Temper projections for Notre Dame's freshman d-ends
Productive defensive ends has been at or near the top of Notre Dame’s list of needs in the last few recruiting cycles.
The results have rarely matched those demands. But the Irish took a big step in the right direction with the 2016 class that signed earlier this month.
The class included three true defensive ends — Khalid Kareem, Julian Okwara and Adetokunbo Ogundeji — and a pair of linebackers who could transition to the position — Daelin Hayes and Jamir Jones.
In depth, quality and potential, it’s Notre Dame’s best group of edge rushers since the 2011 class that included Aaron Lynch, Stephon Tuitt and Ishaq Williams. The luster of that unit faded as Lynch transferred out of Notre Dame following his freshman season and Williams never met the expectations that came with his recruitment.
The hope that the newest group of defensive ends could help change Notre Dame’s pass rush is reasonable. With development, the group could make a lasting impact.
And while the opportunity for multiple players to see the field as freshmen exists, the expectations for high sack numbers should be tempered. On National Signing Day, Notre Dame’s coaching staff shared that sentiment.
“It's going to take a little bit of time,” said head coach Brian Kelly. “But we're pretty excited about the potential for some guys in this class that can answer some four-man pass rush needs that we do have.”
It’s hard for freshmen to make an impact at defensive end. Very hard, according to defensive line coach Keith Gilmore. The recent sack totals reflect that. During Kelly’s tenure at Notre Dame, only Lynch (5.5 sacks) recorded more than two sacks in his freshman season.
The list of freshmen defensive ends who made any sacks isn’t much longer. Tuitt, Sheldon Day and Kolin Hill each recorded two in their freshmen seasons. Grant Blankenship and Andrew Trumbetti both tallied one sack in 2014. That’s it.
“I’ve had very few of them in the course of my career,” Gilmore said of freshmen defensive ends who are ready to play. “Sometimes you play them out of necessity, but for the most part, just like with offensive linemen, it’s hard to find guys that are physically mature and ready to play at a high level coming right out of high school.
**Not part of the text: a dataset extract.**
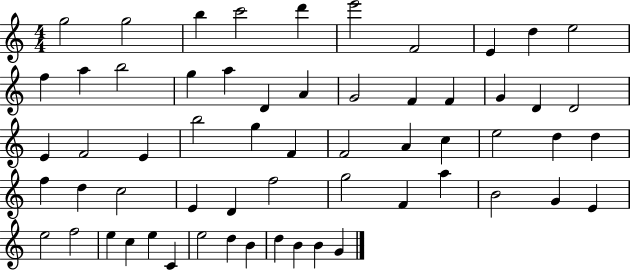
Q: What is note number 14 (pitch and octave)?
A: G5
“The fact that Khalid is here early may give him a little bit more of an opportunity so he’ll get a chance to see what it’s like to learn our system and get his body in shape to play Division I football. It’s really tough to find those guys that can come in and really be productive on the defensive line.”
Both Kareem and Hayes would appear to be Notre Dame’s best bet to impact the pass rush immediately. The two enrolled at Notre Dame earlier this year and should have a head start on the rest.
Kareem, who tallied 16 sacks in his senior season at Farmington Hills (Mich.) Harrison, could be physically ready at 6-foot-4, 245 pounds.
But even some of the best defensive end recruits in the country struggle to corral the quarterback in their first year. Last year, only four true freshmen defensive ends recorded more than two sacks at the FBS level: LSU’s Arden Key (5), North Carolina State’s Darian Roseboro (4), Arizona State’s JoJo Wicker (4), and Florida’s Cece Jefferson (3.5). Rivals rated six defensive ends as five-star recruits in the 2015 class.
The position comes with a required patience. Especially for Hayes, who comes to Notre Dame with five-star expectations, but also with a high school resume marred by injuries. His senior season was cut short with a torn labrum in his right shoulder. He’s still recovering from surgery in November.
“He’ll do some things in spring practice,” Gilmore said. “He won’t be full go as far as hitting is concerned. He’ll be able to run around and do some physical things but not hitting. Hopefully he’ll be ready to go in the summer when it’s time to go.”
Though most of his career was spent playing linebacker, Hayes’ future appears on the defensive line. When linebackers coach Mike Elston was asked if he was going to fight to keep Hayes at linebacker, he said he would but sounded defeated when adding that Hayes was already “a Whopper away” from being a defensive end at 6-3, 256.
Gilmore would be happy to have him.
“I think he can help us at defensive end,” Gilmore said. “That’s kind of what he was, more of an outside linebacker kid. He can be an ideal rush player. He’s a rare talent, a special breed of kid.
“He’s a freshman that probably could do it. He’s got enough athleticism. He’s over 250 pounds right now, a special athlete. He’s a kid that if there’s a freshman that can come in and help us on the defensive line, he’s one of those guys that really could do that.”
It will take a special player to do it. Fortunately for the Irish, they think they found some.